U. Penn Panel Report

Readers want a report on my Monday appearance before the Black Law Students Association at U. Penn.

It wasn’t actually very exciting. The main point of the thing was indeed to chew over Amy Wax’s new book. The argument of the book, very briefly, is that what can be done in law, politics, and social engineering to make amends for slavery and Jim Crow has been done, and the rest is up to African Americans themselves.

The main entertainment at the event was provided by the moderator, who plainly had no conception of what the word “moderator” means. She opened with a long harangue against Amy’s book, and further interposed her own views, at great gassy length, during the rest of the proceedings. She was also highly selective — towards her own point of view, I mean — in presenting audience questions. It was one of those events where an usher cruises round among the audience taking questions written on slips of paper and handing them up to the moderator. Amy and I had planted a couple of shills in the audience (look, it never hurts), who assured us afterwards they had submitted several questions: none was presented.

Amy, a brilliant and witty lady who is also what I think the French call une femme formidable, defended her book very vigorously. Prof.

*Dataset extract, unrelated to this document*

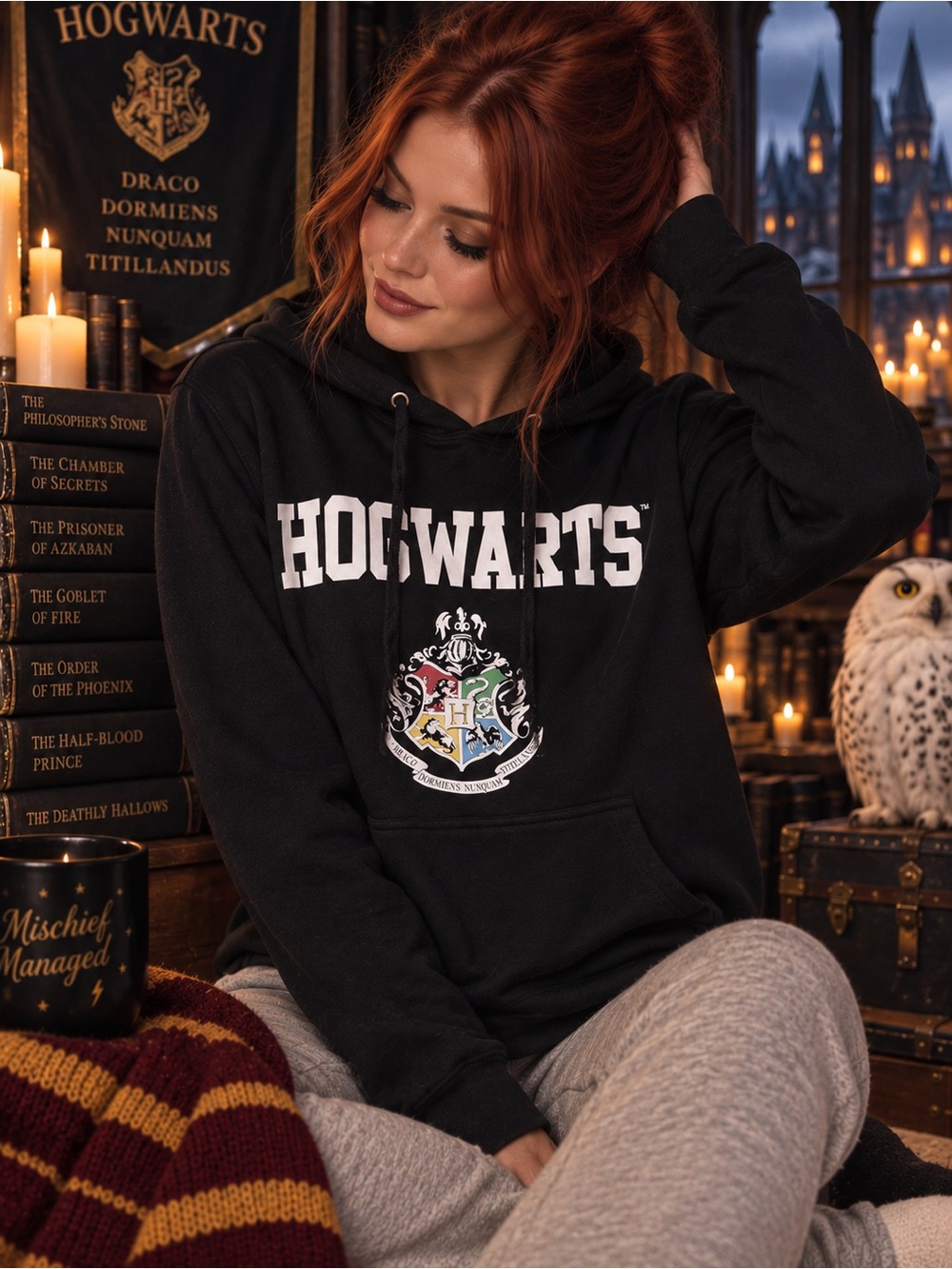 ✨ Official Licensed | Harry Potter | Medium |Hogwarts | Black | Pullover Hoodie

Higginbotham offered a string of anecdotes to prove that racial discrimination is still going strong in the U.S.A. Prof. Darity argued we should solve the education gap by something called “de-tracking,” which seems to mean putting under-performing kids in AP classes where, their self-esteem boosted just by being in the class, they will stop under-performing. To close the employment gap he demanded “a federally guaranteed job for everyone.” I have not made that up.

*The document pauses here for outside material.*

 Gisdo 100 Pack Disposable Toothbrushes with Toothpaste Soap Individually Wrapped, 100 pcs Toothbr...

My ten-minute address consisted of (a) five minutes of unfiltered race realism, right between the eyes, followed by (b) a plea to turn to good old American individualism and stop obsessing about group outcomes. This was followed by a sort of stunned silence, into which Madame Moderator interjected the remark that “Mr. Derbyshire is here as a private guest of Prof. Wax, not at the invitation of the BLSA.” This was not true. BLSA invited me, and I have the email trail to prove it. To his credit, David Williams, the BLSA officer who’d invited me, came up afterwards and apologized for the immoderate demeanor of our “moderator.”

Audience questions were, as I said, carefully selected by Madame Moderator to put Amy on the spot — a thing none of them succeeded in doing, as the lady is very well able to take care of herself.

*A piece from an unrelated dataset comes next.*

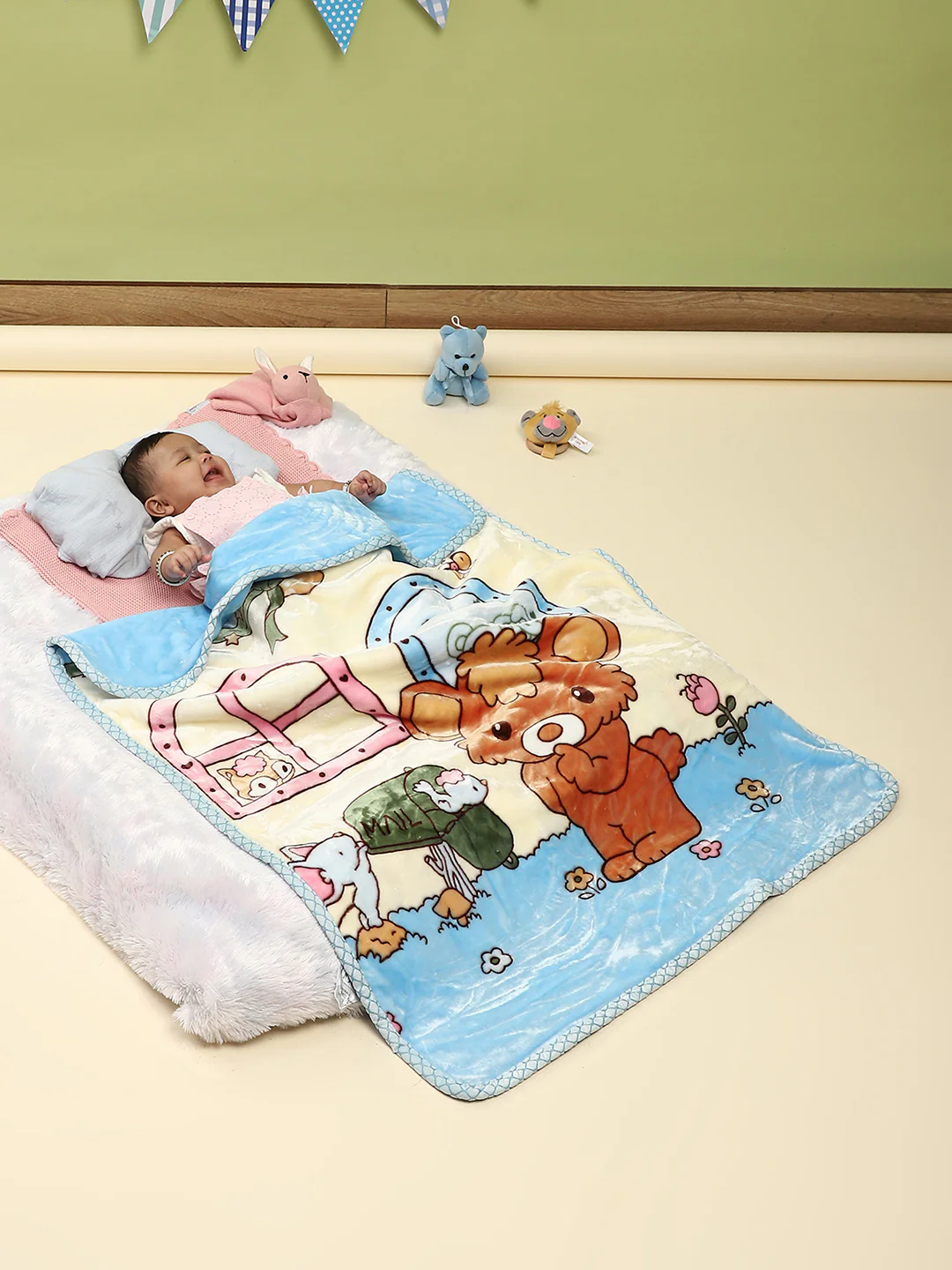 Printed Baby Blanket 2 Ply, 550 GSM, Weight 0.5 kg (Donald)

Mingling for refreshments afterwards, I found the BLSA students a friendly bunch. The only rancor was from some older guy, either a mature student or an academic, who said that my ideas were “old” and my remarks “hurtful.” Apparently he thought that one or other, or both, of these observations invalidated the truth content of what I had said. Everyone else was either pleasant, or just ignored me.

As I said, not really very exciting. It would have been a total snoozer but for the antics of the moderator. How do you get to be a professor at a high-ranking university without understanding the function of a moderator?